This is a continuation of 6 Practical Tips for Giving a Great Presentation. Here are 6 MORE tips that can add value to your presentation:
- Make it Fun; Leverage the Power of Multimedia - Have you ever had to sit through a drab presentation filled with masses of nothing but plain text? I’ll bet you don’t want to relive that experience. Your audience is more likely to retain fun pictures and videos than mere bullet points. Add some interactivity by asking them questions.
- Know the Environment - Take a brief survey of the presentation venue and do a trial set-up, so that you understand exactly what’s outstanding or what the setting would look like on the day. Remember the goal here, is to reduce surprises as much as possible. The more you know about the environment, the more confident and prepared you'll be. If you’re unable to survey the venue the day before, ensure you get there as early as possible on the day.

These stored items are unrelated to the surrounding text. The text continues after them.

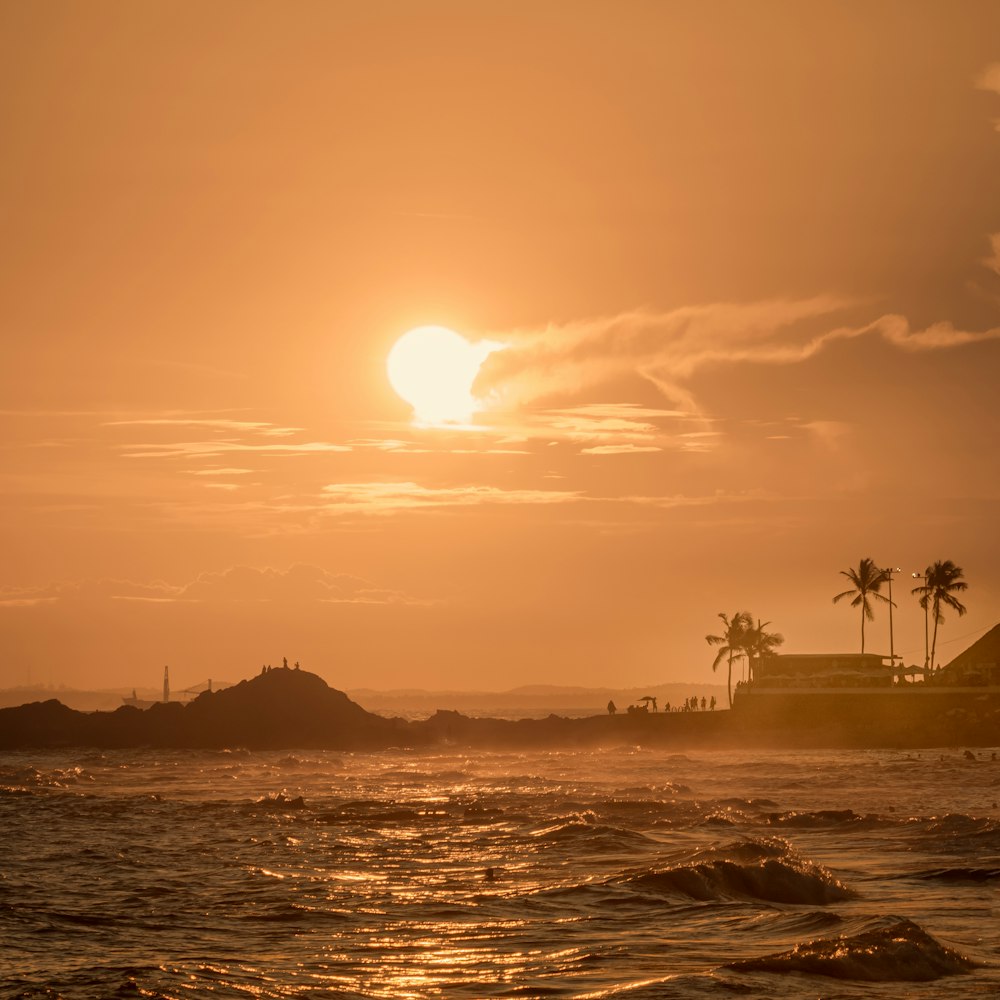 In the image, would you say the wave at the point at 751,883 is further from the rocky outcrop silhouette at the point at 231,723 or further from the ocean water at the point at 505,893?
the rocky outcrop silhouette at the point at 231,723

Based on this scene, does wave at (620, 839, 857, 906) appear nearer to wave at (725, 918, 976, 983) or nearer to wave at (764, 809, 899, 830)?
wave at (725, 918, 976, 983)

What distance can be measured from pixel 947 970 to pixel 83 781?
44.2m

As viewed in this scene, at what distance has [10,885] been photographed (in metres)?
23.2

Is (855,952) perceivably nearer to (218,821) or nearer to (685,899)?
(685,899)

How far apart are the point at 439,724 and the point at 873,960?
76295 mm

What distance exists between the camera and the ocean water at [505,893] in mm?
15531

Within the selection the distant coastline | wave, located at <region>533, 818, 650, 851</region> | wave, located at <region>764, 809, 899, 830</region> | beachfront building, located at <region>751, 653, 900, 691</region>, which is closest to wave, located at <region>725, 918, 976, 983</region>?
wave, located at <region>533, 818, 650, 851</region>

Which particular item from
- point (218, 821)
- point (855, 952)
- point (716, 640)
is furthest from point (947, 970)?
point (716, 640)

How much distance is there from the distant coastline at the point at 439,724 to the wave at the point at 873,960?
65521mm

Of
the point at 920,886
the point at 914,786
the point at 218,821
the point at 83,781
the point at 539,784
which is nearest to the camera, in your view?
the point at 920,886

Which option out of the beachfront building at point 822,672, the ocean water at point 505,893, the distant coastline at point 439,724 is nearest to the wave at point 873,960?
the ocean water at point 505,893

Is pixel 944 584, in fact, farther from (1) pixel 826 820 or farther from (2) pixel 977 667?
(1) pixel 826 820

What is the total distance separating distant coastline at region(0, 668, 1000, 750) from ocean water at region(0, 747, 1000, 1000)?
125 feet

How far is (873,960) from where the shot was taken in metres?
15.8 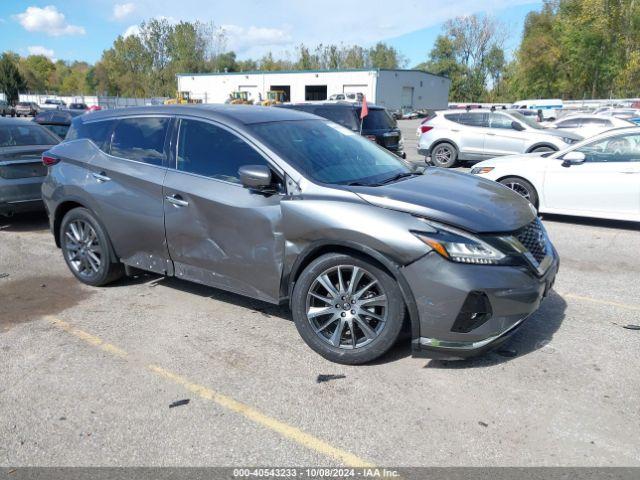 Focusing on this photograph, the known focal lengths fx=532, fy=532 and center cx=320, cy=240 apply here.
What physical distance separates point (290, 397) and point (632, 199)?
6477 millimetres

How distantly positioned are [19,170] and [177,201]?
4692mm

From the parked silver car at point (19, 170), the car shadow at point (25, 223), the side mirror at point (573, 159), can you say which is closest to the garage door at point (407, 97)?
the side mirror at point (573, 159)

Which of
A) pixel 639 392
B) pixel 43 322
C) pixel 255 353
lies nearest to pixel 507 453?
pixel 639 392

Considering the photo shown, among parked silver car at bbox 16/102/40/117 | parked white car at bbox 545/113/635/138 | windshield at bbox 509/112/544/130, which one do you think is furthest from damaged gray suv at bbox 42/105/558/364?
parked silver car at bbox 16/102/40/117

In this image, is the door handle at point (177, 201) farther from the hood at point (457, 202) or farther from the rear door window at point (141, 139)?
the hood at point (457, 202)

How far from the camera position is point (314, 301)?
12.6 feet

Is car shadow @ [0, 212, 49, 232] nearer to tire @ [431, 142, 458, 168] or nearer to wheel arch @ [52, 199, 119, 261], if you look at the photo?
wheel arch @ [52, 199, 119, 261]

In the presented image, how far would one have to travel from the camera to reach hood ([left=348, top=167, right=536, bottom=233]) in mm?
3518

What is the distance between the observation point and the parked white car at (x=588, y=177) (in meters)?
7.65

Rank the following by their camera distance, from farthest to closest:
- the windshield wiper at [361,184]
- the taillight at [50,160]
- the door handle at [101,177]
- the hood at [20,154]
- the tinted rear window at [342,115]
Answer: the tinted rear window at [342,115] → the hood at [20,154] → the taillight at [50,160] → the door handle at [101,177] → the windshield wiper at [361,184]

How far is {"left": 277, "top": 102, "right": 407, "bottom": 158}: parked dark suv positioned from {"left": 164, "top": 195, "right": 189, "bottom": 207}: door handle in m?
8.39

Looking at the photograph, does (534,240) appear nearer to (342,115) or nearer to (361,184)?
(361,184)

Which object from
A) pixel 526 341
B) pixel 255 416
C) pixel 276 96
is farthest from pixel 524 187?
pixel 276 96

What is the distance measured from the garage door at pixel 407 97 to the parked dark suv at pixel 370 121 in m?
56.6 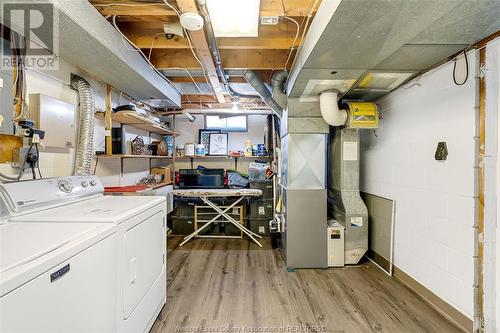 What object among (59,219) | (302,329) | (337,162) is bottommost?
(302,329)

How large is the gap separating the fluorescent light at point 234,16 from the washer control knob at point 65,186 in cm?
158

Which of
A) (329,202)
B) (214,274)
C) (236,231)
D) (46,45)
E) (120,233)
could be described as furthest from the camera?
(236,231)

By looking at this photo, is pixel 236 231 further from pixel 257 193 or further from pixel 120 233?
pixel 120 233

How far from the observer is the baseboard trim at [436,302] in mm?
1716

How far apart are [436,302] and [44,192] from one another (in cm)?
314

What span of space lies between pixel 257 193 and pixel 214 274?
50.4 inches

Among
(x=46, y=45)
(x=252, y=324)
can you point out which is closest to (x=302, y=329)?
(x=252, y=324)

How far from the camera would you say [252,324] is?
178 centimetres

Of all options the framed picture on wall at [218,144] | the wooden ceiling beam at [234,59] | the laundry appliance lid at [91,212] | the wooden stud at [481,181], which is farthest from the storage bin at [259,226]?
the wooden stud at [481,181]

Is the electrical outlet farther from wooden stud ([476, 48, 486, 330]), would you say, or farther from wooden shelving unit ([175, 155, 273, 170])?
wooden shelving unit ([175, 155, 273, 170])

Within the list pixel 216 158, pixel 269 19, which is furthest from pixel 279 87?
pixel 216 158

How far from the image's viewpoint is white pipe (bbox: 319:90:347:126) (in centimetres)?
246

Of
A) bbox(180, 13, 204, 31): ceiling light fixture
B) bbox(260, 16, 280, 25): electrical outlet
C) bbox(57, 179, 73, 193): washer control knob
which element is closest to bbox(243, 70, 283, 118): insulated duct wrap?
bbox(260, 16, 280, 25): electrical outlet

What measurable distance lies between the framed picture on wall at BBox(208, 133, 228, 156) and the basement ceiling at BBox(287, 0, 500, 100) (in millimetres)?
2416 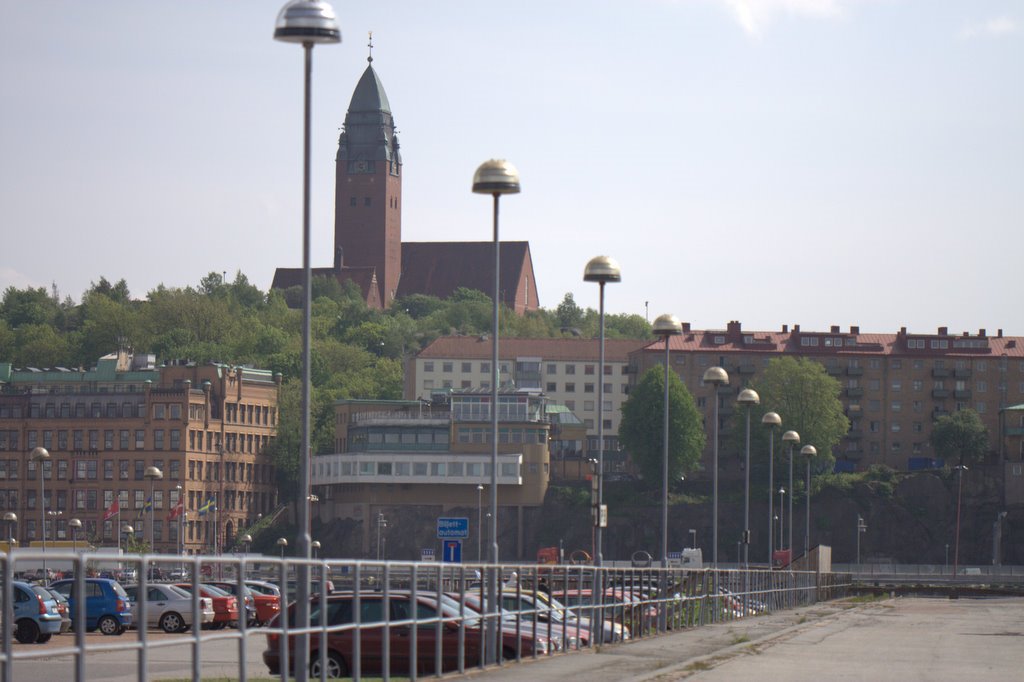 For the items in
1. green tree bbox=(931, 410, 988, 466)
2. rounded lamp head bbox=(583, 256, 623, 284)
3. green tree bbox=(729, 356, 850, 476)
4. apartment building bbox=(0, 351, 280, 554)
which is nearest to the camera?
rounded lamp head bbox=(583, 256, 623, 284)

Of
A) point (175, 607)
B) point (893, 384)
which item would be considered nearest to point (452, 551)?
point (175, 607)

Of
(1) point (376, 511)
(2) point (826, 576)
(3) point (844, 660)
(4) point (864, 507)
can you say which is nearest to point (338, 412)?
(1) point (376, 511)

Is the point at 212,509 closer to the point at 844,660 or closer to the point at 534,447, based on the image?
the point at 534,447

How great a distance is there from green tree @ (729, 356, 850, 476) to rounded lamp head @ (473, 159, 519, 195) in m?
138

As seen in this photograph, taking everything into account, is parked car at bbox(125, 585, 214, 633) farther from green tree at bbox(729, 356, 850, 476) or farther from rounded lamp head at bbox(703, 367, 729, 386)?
green tree at bbox(729, 356, 850, 476)

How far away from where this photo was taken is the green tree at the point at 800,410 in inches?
6821

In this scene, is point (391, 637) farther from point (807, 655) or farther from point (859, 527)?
point (859, 527)

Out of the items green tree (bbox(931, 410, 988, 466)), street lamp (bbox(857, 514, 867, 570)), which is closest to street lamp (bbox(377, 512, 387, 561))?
street lamp (bbox(857, 514, 867, 570))

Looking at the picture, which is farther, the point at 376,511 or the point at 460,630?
the point at 376,511

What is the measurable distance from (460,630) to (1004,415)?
167m

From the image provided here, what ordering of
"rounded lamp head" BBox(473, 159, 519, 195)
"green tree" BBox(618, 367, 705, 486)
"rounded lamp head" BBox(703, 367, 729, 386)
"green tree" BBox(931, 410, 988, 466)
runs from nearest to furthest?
"rounded lamp head" BBox(473, 159, 519, 195), "rounded lamp head" BBox(703, 367, 729, 386), "green tree" BBox(618, 367, 705, 486), "green tree" BBox(931, 410, 988, 466)

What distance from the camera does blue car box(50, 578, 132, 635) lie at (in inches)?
683

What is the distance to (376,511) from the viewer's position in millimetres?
168000

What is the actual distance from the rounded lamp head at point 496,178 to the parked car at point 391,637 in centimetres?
880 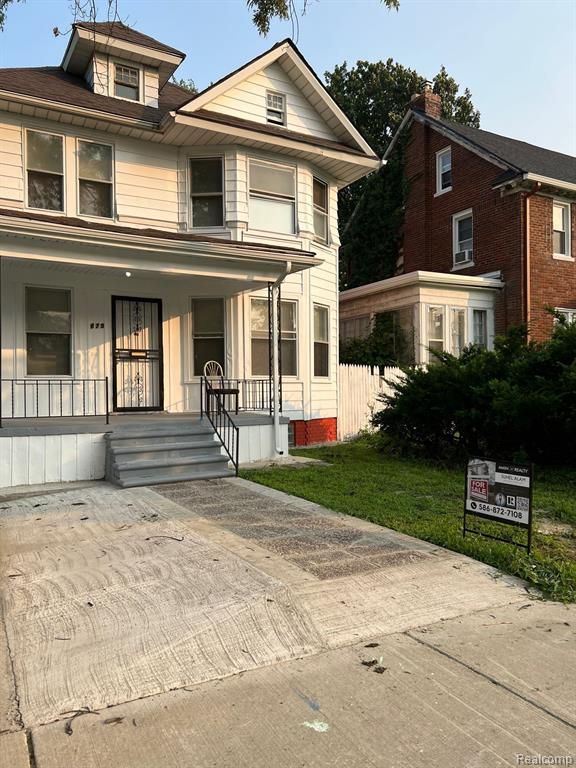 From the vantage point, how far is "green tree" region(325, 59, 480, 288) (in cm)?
2258

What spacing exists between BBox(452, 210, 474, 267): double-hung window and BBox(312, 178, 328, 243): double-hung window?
23.0 feet

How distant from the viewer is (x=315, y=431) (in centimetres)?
1348

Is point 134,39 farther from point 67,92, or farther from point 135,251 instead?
point 135,251

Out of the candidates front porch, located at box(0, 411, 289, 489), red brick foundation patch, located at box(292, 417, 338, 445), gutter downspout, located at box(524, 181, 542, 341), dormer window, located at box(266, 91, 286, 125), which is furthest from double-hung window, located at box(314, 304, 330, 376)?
gutter downspout, located at box(524, 181, 542, 341)

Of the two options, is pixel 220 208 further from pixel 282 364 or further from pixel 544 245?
pixel 544 245

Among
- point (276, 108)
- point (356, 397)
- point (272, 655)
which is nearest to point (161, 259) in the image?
point (276, 108)

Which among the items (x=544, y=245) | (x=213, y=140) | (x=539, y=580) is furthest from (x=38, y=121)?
(x=544, y=245)

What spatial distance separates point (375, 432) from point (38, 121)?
979 centimetres

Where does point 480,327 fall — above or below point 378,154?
below

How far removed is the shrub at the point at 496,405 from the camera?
29.2 ft

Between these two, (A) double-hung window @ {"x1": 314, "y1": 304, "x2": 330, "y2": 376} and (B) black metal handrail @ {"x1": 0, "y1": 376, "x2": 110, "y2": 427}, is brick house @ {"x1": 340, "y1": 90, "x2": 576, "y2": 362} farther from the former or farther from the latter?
(B) black metal handrail @ {"x1": 0, "y1": 376, "x2": 110, "y2": 427}

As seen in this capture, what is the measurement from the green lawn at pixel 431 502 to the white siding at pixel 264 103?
24.5ft

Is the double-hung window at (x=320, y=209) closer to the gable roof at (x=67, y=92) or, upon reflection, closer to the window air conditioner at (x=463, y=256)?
the gable roof at (x=67, y=92)

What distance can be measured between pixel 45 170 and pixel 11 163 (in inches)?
23.2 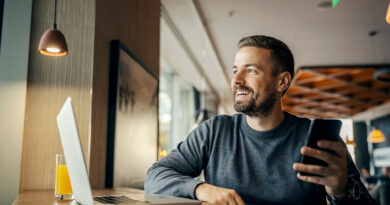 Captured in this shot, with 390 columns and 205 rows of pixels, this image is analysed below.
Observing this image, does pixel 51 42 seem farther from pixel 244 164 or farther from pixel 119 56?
pixel 244 164

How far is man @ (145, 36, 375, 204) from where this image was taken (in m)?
1.21

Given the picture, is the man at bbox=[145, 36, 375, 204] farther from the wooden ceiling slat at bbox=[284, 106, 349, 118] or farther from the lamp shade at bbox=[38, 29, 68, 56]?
the wooden ceiling slat at bbox=[284, 106, 349, 118]

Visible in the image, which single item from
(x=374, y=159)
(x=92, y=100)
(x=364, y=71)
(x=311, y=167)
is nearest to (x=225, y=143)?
(x=311, y=167)

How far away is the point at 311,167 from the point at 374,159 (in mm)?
13881

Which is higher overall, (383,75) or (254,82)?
(383,75)

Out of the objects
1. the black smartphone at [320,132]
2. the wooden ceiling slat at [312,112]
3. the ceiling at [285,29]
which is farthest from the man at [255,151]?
the wooden ceiling slat at [312,112]

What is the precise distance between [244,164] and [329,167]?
361 mm

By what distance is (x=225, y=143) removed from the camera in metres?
1.41

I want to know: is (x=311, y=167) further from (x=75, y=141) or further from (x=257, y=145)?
(x=75, y=141)

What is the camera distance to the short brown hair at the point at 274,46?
142 cm

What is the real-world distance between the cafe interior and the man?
83cm

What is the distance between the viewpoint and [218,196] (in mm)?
1036

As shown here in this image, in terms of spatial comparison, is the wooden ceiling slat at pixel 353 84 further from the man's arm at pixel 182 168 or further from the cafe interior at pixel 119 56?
the man's arm at pixel 182 168

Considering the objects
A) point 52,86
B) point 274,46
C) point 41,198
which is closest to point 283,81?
point 274,46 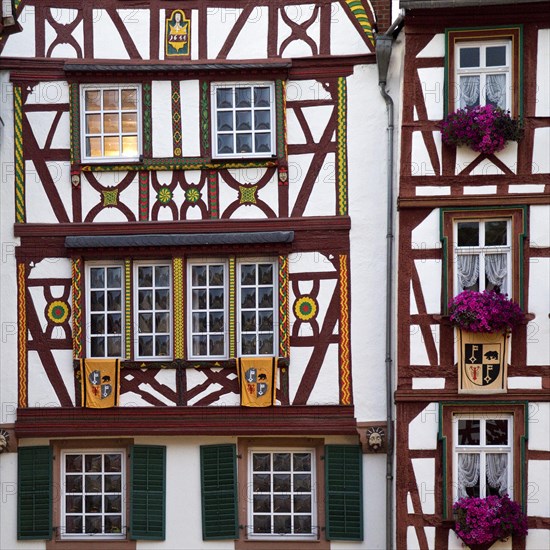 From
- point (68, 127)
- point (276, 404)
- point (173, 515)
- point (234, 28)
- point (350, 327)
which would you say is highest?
point (234, 28)

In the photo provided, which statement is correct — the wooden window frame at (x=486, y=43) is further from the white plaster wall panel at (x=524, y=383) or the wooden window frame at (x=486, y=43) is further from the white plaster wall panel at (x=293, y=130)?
the white plaster wall panel at (x=524, y=383)

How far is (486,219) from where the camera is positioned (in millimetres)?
15750

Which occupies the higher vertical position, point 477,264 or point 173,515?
point 477,264

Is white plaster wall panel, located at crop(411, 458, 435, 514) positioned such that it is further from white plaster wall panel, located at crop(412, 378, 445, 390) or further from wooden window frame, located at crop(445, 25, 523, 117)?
wooden window frame, located at crop(445, 25, 523, 117)

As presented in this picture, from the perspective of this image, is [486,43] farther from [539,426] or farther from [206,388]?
[206,388]

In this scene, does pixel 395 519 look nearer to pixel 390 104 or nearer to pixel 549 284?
pixel 549 284

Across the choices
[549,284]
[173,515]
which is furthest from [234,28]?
[173,515]

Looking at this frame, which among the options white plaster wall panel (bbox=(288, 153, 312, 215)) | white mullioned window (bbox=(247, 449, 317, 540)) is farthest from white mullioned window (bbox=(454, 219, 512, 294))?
white mullioned window (bbox=(247, 449, 317, 540))

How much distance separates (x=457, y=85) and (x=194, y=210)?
4.03m

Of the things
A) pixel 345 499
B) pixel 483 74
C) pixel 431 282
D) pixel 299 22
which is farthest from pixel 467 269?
pixel 299 22

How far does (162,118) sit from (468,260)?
4.76m

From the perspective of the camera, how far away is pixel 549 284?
15.5 metres

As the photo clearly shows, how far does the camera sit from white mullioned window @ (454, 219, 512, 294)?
15.7 metres

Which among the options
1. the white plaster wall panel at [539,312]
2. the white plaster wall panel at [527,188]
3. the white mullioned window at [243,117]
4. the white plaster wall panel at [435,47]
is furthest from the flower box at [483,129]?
the white mullioned window at [243,117]
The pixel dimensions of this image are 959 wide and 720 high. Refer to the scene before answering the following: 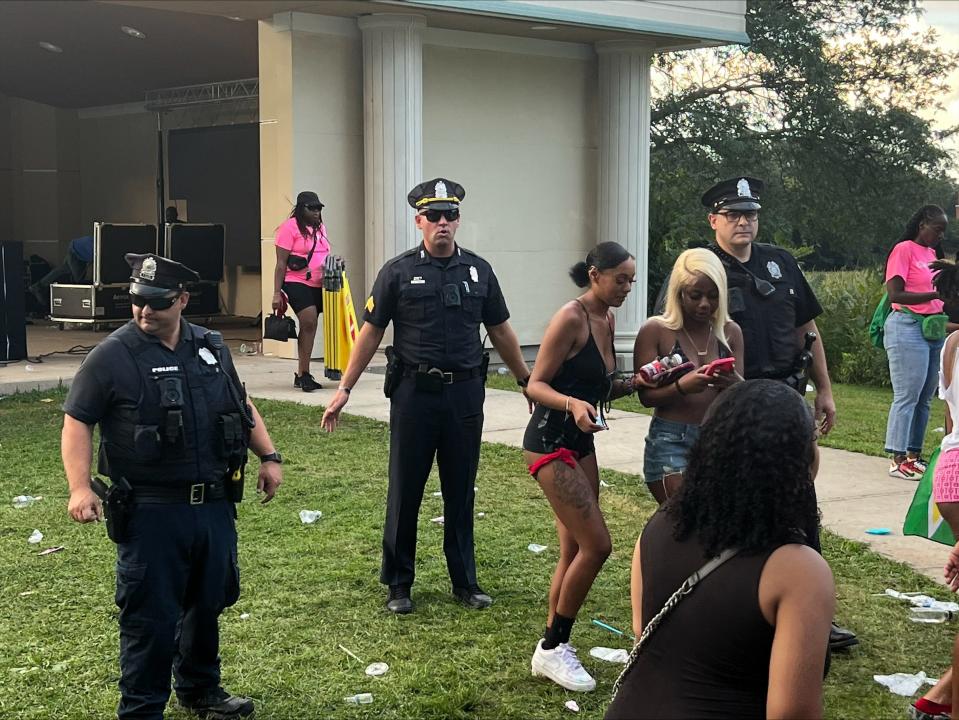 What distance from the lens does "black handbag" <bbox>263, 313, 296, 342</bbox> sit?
12398 millimetres

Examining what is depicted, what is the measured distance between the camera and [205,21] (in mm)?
16281

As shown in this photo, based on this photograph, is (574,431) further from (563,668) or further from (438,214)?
(438,214)

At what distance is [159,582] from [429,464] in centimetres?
199

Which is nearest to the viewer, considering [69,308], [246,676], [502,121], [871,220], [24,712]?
[24,712]

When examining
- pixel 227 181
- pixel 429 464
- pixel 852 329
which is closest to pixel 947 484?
pixel 429 464

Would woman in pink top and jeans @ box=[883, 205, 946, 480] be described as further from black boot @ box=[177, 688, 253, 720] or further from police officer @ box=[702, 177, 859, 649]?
black boot @ box=[177, 688, 253, 720]

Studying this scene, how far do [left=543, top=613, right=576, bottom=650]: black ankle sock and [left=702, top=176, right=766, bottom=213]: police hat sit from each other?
76.1 inches

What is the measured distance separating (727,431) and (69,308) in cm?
A: 1636

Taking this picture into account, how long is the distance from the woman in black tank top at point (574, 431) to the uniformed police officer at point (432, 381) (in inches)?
34.7

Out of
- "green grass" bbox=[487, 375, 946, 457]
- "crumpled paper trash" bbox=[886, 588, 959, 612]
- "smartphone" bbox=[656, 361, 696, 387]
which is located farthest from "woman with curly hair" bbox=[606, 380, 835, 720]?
"green grass" bbox=[487, 375, 946, 457]

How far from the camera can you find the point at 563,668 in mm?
5020

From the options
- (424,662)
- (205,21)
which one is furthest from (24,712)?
(205,21)

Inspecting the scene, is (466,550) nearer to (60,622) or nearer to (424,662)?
(424,662)

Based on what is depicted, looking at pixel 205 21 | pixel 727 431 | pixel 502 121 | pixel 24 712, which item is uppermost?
pixel 205 21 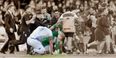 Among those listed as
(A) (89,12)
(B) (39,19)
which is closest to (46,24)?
(B) (39,19)

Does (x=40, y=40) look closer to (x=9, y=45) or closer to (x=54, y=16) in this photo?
(x=9, y=45)

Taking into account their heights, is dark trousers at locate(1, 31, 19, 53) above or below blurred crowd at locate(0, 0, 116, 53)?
below

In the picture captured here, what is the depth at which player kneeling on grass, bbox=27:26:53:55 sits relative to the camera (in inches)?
873

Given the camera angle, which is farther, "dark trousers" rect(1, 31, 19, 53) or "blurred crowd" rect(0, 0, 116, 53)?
"dark trousers" rect(1, 31, 19, 53)

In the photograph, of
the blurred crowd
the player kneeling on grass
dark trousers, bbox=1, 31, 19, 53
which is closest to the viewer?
the player kneeling on grass

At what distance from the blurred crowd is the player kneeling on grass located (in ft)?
1.18

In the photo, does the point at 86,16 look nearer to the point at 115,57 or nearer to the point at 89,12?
the point at 89,12

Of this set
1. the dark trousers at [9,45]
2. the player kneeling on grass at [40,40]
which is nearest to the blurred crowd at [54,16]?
the dark trousers at [9,45]

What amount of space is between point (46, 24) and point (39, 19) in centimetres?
28

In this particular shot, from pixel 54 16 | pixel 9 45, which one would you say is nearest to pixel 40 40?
pixel 9 45

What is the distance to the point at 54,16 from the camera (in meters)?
23.8

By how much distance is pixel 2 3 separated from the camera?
24.6 meters

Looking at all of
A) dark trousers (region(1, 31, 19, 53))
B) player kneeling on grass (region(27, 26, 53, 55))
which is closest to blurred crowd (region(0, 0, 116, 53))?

- Practise the Presentation - In running through the slides at least once, you’re bound to catch one or two mistakes you may have missed. Practising in front of your peers is also a good opportunity to get some feedback.
- Use the Notes Section of Your Presentation Software - You should not muddle up your words or speak spontaneously during a presentation. "Almost" everything must be planned. I’m not implying that you speak like a robot or rehearse all the words. Putting down notes or signposts to remind you of what to say during the presentation will certainly make life easier.
- Be Enthusiastic - Let your love for your subject shine through, and your audience will not only believe you - they will also embrace you.
- Know Your Audience - Play out the day in your mind, anticipate what information each cross-section of your audience would be interested in and deliver.
It’s common to feel uneasy in the first 3 minutes of your presentation but once you get into the groove of it, you’re bound to relax and take it by storm. If you need to hold on to something like a pen or the slide remote control, go-ahead and do just that. Do whatever it takes to help you relax.
As with everything else, you'll get better if you learn, practise and then practise again.